Senator KETTER: Did you look at, say, what the average cost of obtaining legal and accounting advisory support for preparing start-ups of small businesses might be?

Mr Power : Certainly, as we consulted with people and talked with entities, through the process we received some information about that. As I said, the view that we formed was that the costs essentially amount to the cost of applying through ASIC, for the $75 form, and also a number of thousand dollars in setting up a constitution. But I think it is fair to say that there is not a one-size-fits-all to that answer.

Senator KETTER: Is that something you could take on notice just in terms of the average costs of businesses likely to access crowd equity funding?

Mr Power : I am not sure that Treasury has the information on the average costs that private companies might pay in relation to that.

Senator KETTER: Okay. Can you tell me why Treasury did not structure the bill to allow intermediaries to aggregate small multiple investments by retail investors into a collective vehicle to allow single investments into start-ups?

Mr Power : As I said in response to Senator Edwards, the government's position was to not preclude management investment schemes or collective investment vehicles. That is not precluded under the current legislation. What is precluded, though, is a collective investment vehicle using a crowdfunding platform or the crowdfunding lower disclosure environment to raise funds through the platform. As I said in response to Senator Edwards's question, the reason for that is that that is a one-step separation from investing directly in a company. That is investing in a fund which then may go and invest in a number of other start-up entities. One of the things that the government came to in developing the bill was the idea that retail investors are able to understand an investment directly in the equity of a start-up entity. It is fundamental to the understanding of how this regime works, as opposed to investing in a collective investment vehicle which then goes on and invests in another entity.

Senator McALLISTER: I have a follow-up on that. In the evidence earlier—I am not sure if you were here when the panel were presenting—a number of those were businesses operating as intermediaries at the moment, and the view they put was that, from the perspective of the start-up, having a single investor created a much more manageable set of relationships, and that kind of unit trust model was in fact a pretty important vehicle for start-ups and for crowdfunding at the moment. I suppose I would like your comments on that. In your considerations about this question, did you identify any ways that this particular investment profile differed from managed investment more generally? Are there some distinctions that we ought to be thinking about that might invite a different policy response for this particular model of investment?
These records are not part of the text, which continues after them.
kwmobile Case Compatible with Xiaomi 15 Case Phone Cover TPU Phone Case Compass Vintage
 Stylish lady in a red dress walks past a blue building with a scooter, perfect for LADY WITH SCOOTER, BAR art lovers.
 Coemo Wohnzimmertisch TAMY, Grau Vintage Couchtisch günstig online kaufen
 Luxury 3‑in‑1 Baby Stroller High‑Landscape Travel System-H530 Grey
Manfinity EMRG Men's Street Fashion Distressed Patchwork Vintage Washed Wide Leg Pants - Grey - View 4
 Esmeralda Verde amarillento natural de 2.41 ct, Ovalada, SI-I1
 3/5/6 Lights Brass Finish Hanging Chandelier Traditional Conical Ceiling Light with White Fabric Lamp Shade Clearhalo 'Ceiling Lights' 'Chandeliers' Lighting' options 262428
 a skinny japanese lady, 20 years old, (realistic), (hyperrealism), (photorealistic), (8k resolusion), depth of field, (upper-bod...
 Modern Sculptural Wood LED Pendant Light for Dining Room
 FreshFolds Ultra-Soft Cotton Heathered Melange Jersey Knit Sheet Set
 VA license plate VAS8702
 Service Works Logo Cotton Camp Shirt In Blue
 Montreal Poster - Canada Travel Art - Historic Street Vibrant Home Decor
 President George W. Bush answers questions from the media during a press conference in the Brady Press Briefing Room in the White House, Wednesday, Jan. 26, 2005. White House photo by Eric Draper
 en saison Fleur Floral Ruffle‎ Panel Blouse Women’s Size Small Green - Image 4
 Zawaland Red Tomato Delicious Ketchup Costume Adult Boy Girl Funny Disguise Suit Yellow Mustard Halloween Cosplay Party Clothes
Mr Power : I guess the first thing to reiterate—I just want to be clear—is that that model is certainly not precluded under the legislation. I think the question which is raised around this is whether there should be a more simplified regulatory regime for those collective investment approaches than exists currently. It might be specific, for example, to investing in start-ups. Certainly, as that issue was raised with us and we considered and provided advice to government, we thought through those issues. I guess all I can say is that, where the government have landed, the answer to that is that they have not changed the regulatory arrangements for those structures as they relate to crowdsourced equity funding.

Senator McALLISTER: What are the arguments for distinct treatment of these schemes, separate to what has been provided for in this legislation? You can tell me the arguments for and against, but I am interested in what the arguments for would be.

Mr Power : I think some of the witnesses earlier provided some of the arguments from their point of view—for example, that it might simplify shareholder management from a start-up's point of view. The arguments against would more likely be about whether a low-disclosure environment is appropriate for those management investment schemes for retail-end clients.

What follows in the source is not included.